Dengan segera pintu di ketuk, tanpa basabasi semua menghamburkan pertanyaan. Benar kabar itu?, katanya kamu punya kekuatan?, dari mana kamu dapat kekuatan itu? 


Neshi bengong. Ibunya sudah ke pasar sejak pagi. Sekarang Si kecil ini harus sendirian menghadapi beragam pertanyaan. 


Daun pintu, berwarna kusam dengan engsel sudah dimakan udara dan waktu itu berbunyi  tak beraturan kala para penanya mendorongnya.
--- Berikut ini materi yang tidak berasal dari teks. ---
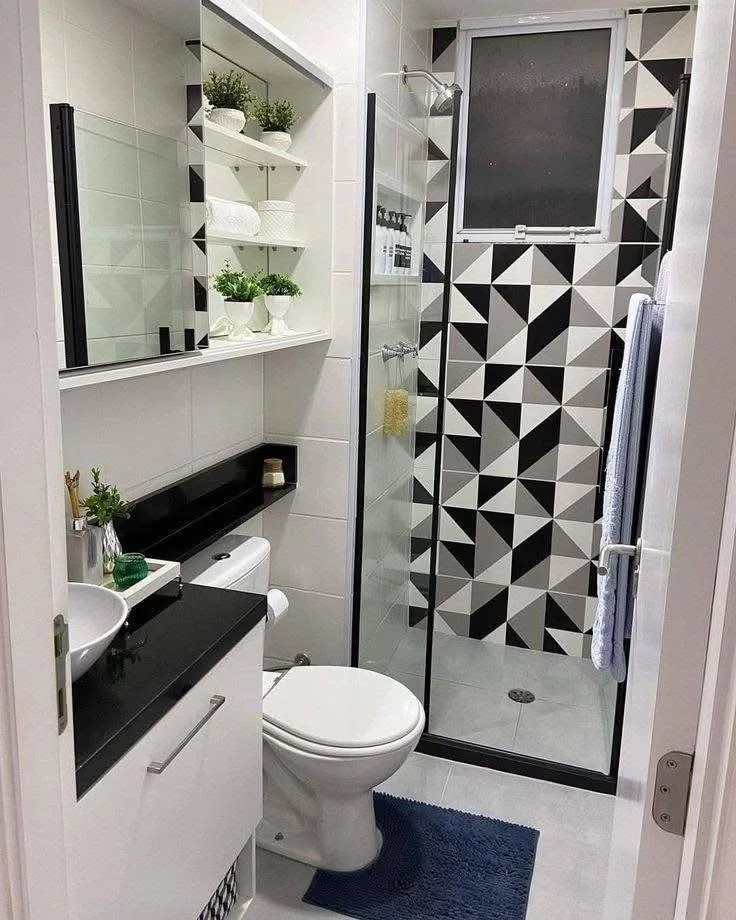 Small Bathroom - Geometric Tile Shower Wall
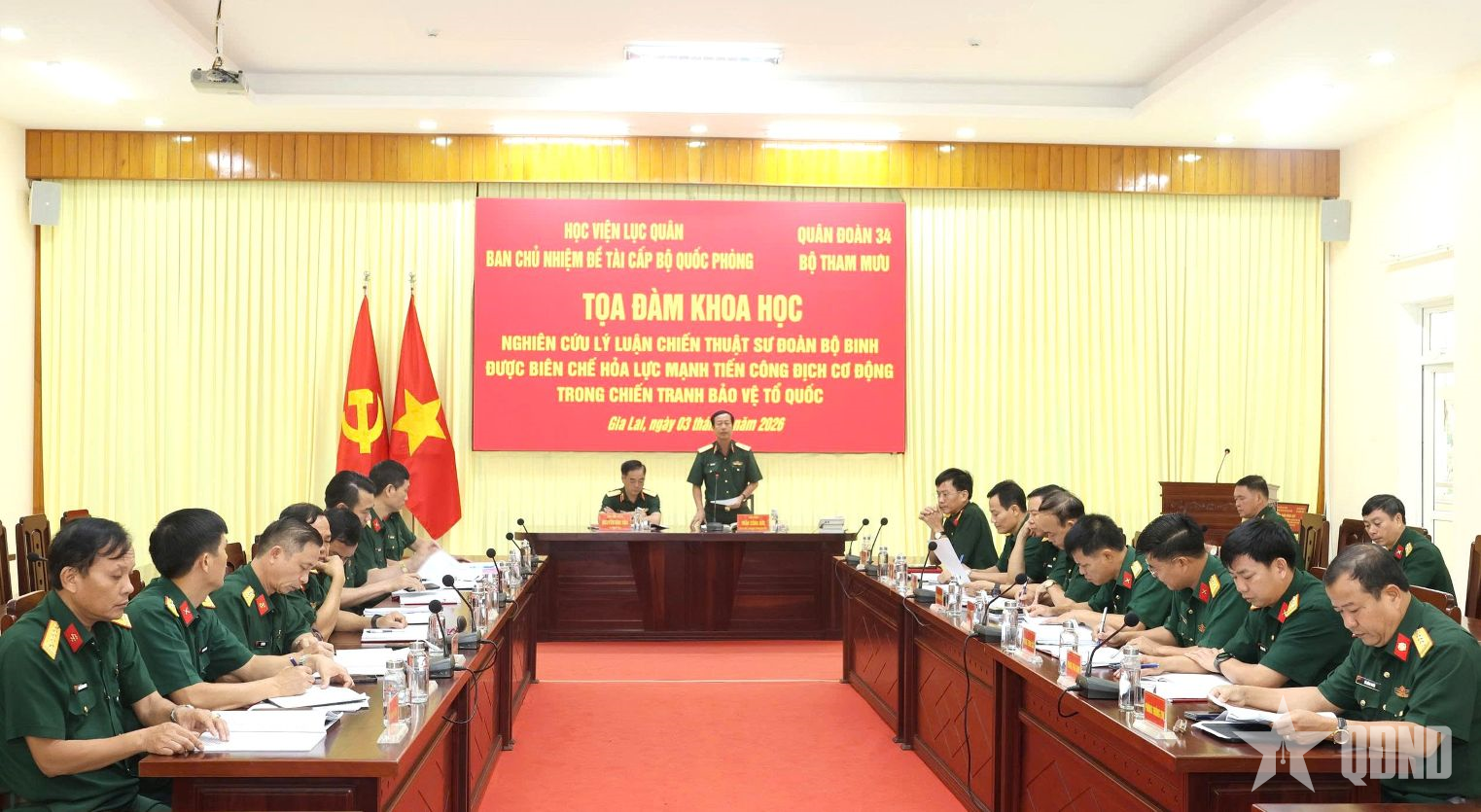 Phát triển lý luận quân sự về chiến thuật sử dụng sư đoàn bộ binh được biên chế hỏa lực mạnh trong chiến tranh hiện đại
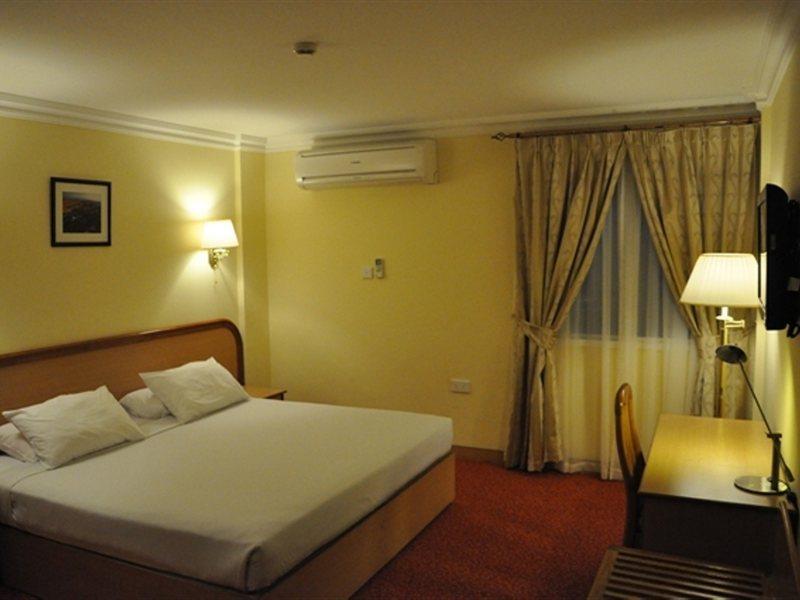 Majan Continental Hotel Muscat Exterior foto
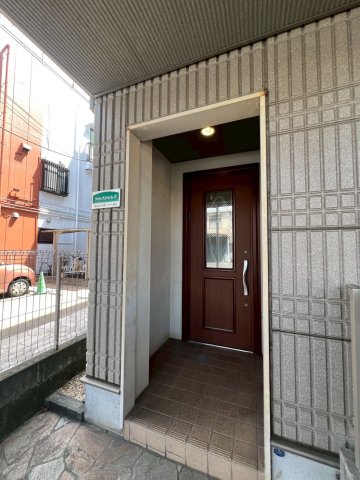 エントランス　落ち着いたエントランスです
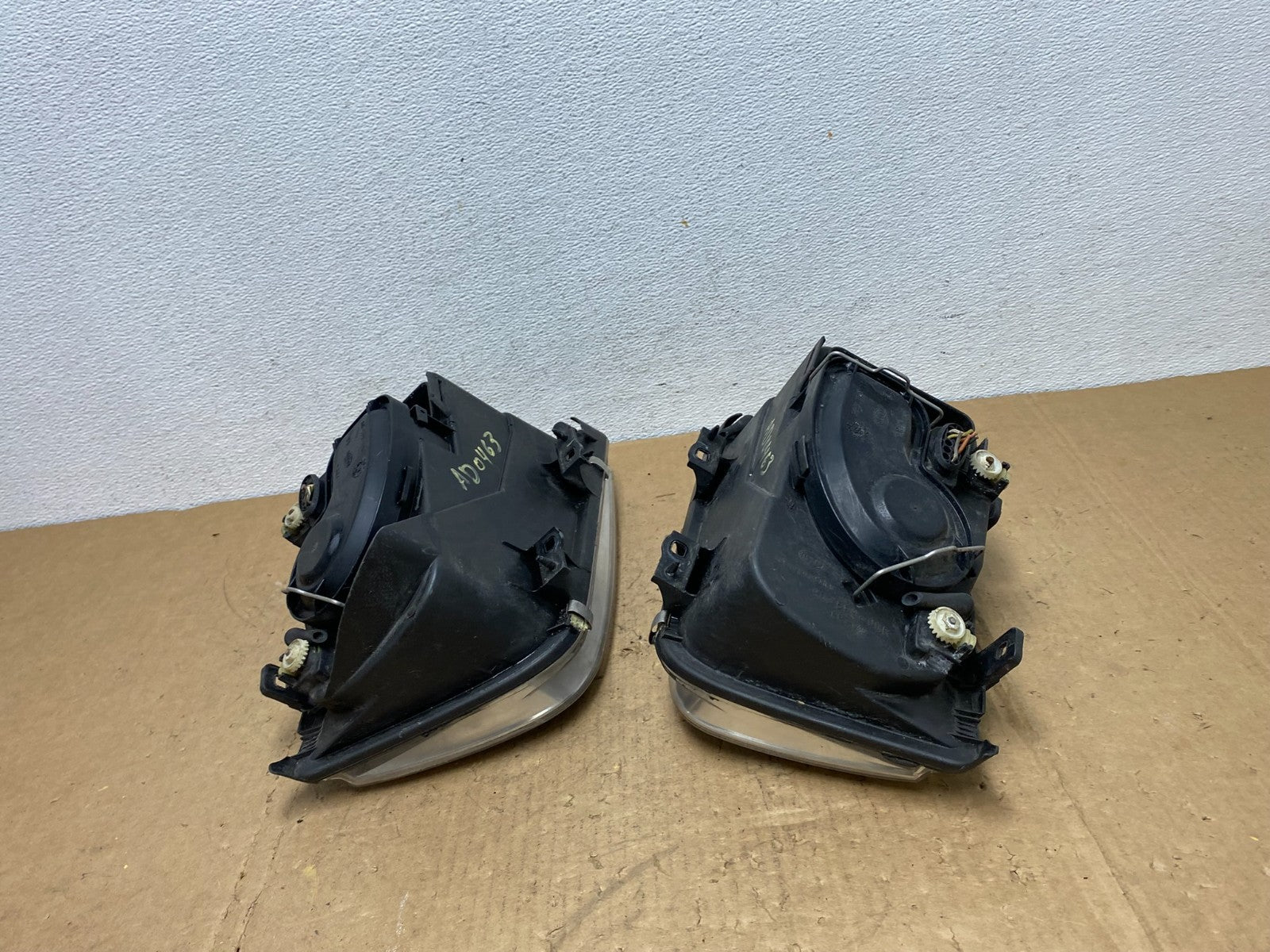 2002 to 2004 Volkswagen Jetta Left+Right Headlights AD0463 DW10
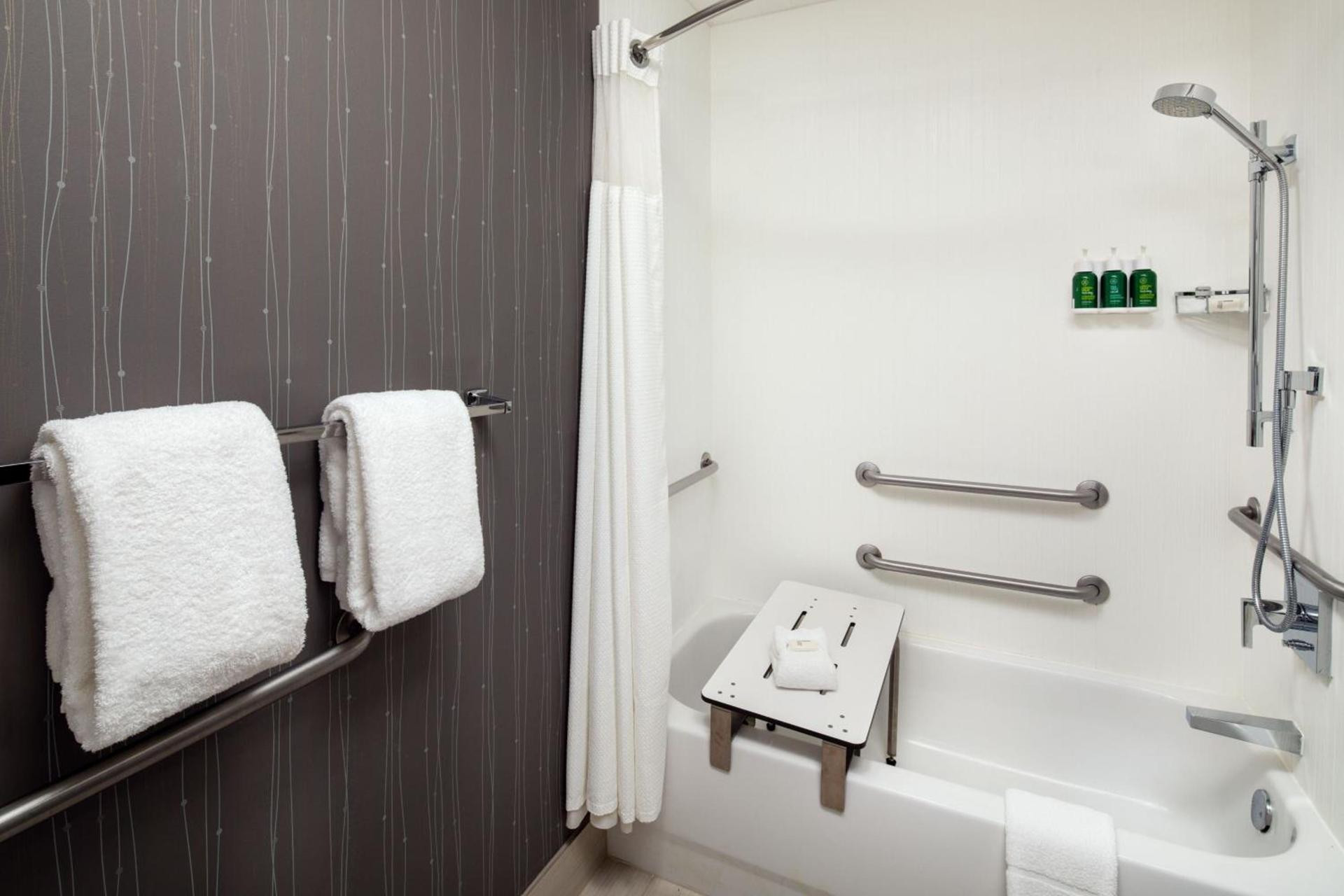 Courtyard by Marriott Dayton North photo 12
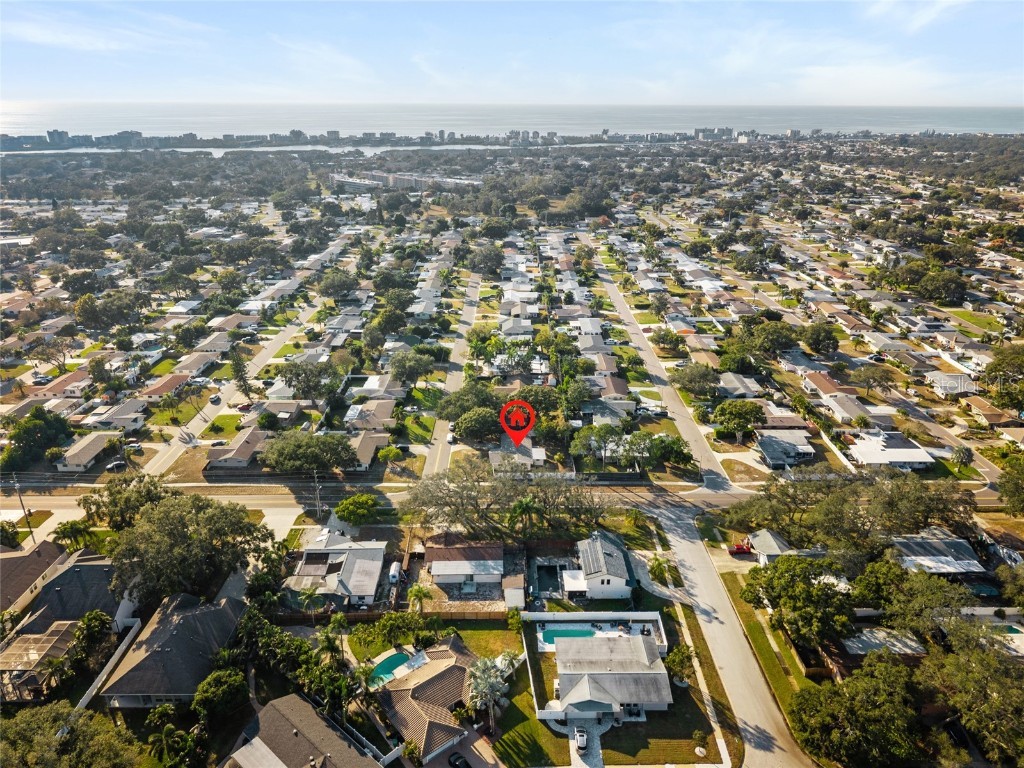 13705 Jamaica Drive Seminole FL 33776 TB8446173 image37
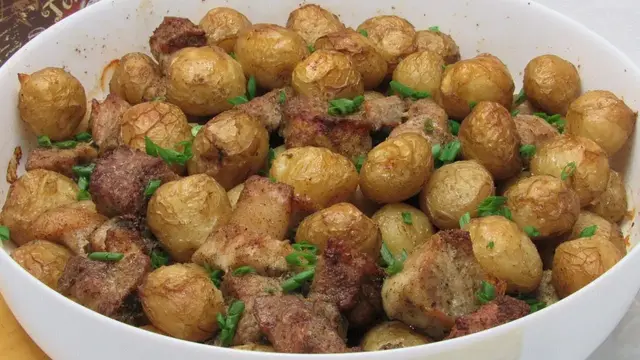 Молодая картошка запечённая с мясом в духовке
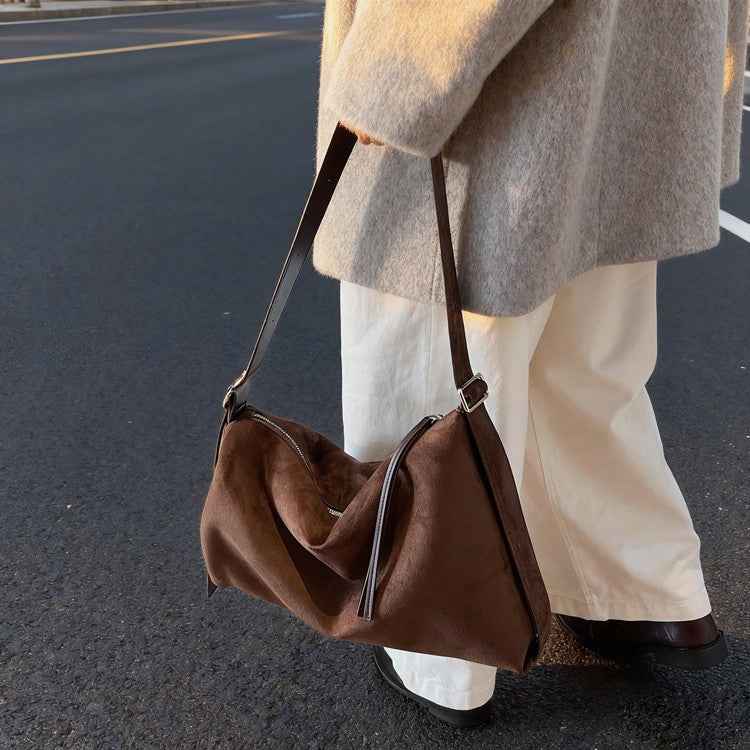 Womens Casual Retro Versatile Crossbody Bag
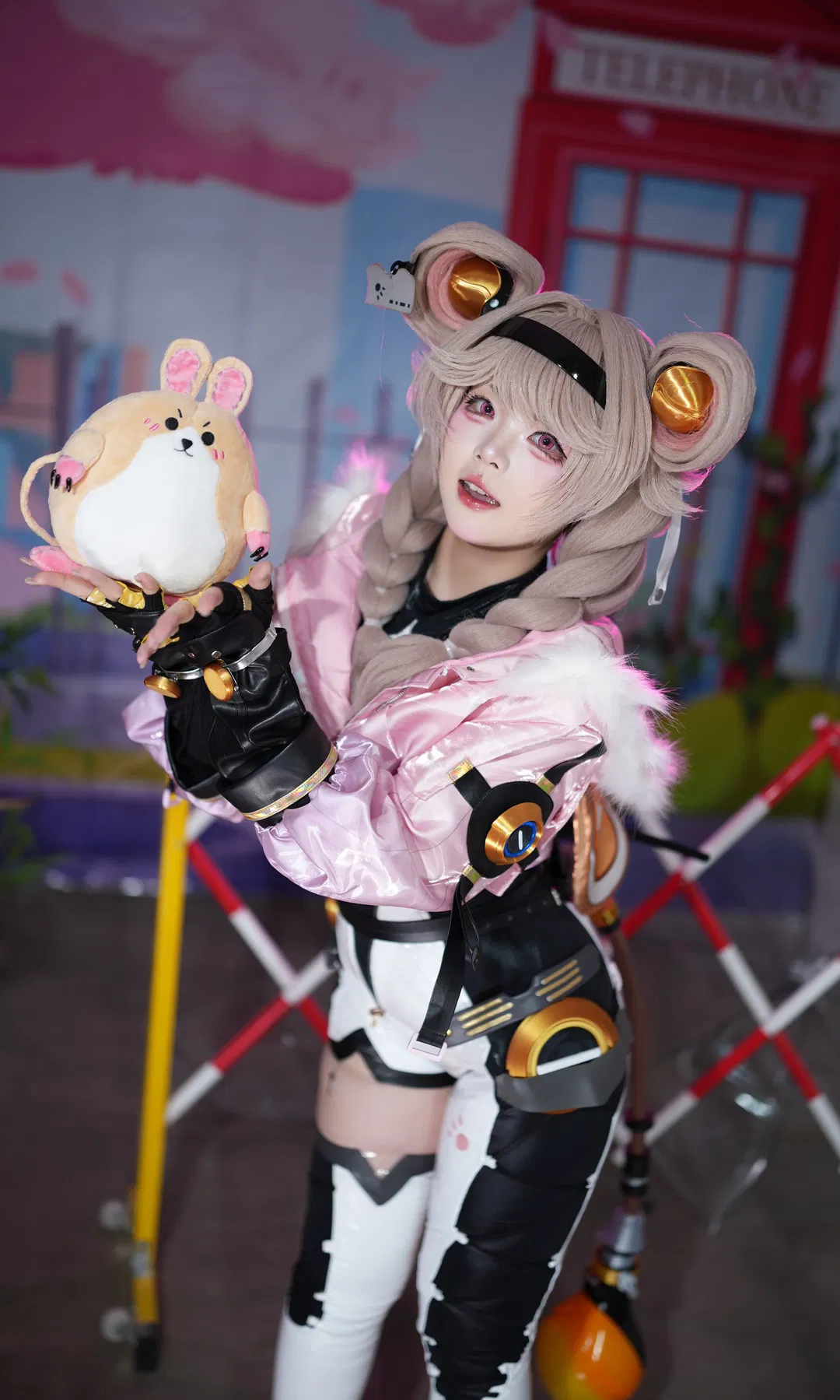 【灯灯cos】鸣潮这套亮面机能风装扮真的太可爱了 - 第 1 张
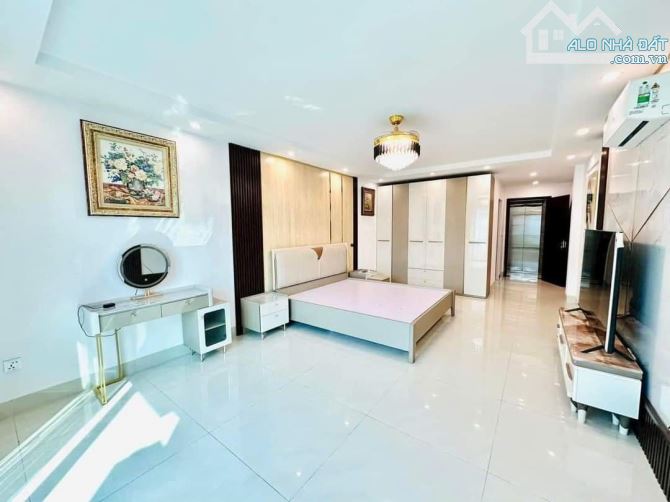 BÁN GẤP NHÀ ĐẸP NGÔ GIA TỰ 55M x 6T THANG MÁY FULL NỘI THẤT, GARA ÔTÔ, KINH DOANH. 8.5 TỶ - 5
Neshi diam saja. Pikirannya belum mampu memberikan jawaban.



Hari yang belum semak spat tertidur sejak hari kelahirannya, selalu berusaha untuk menjadi dan menjadi meski tak pernah terpisahkan dari waktu. kalau saja, hari berusaha untuk mengakhiri persabahatan dengan waktu maka minggu, bulan dan tahun tak akan muncul ke permukaan. mungkin juga matahari tak akan menampakan diri di ufuk  timur.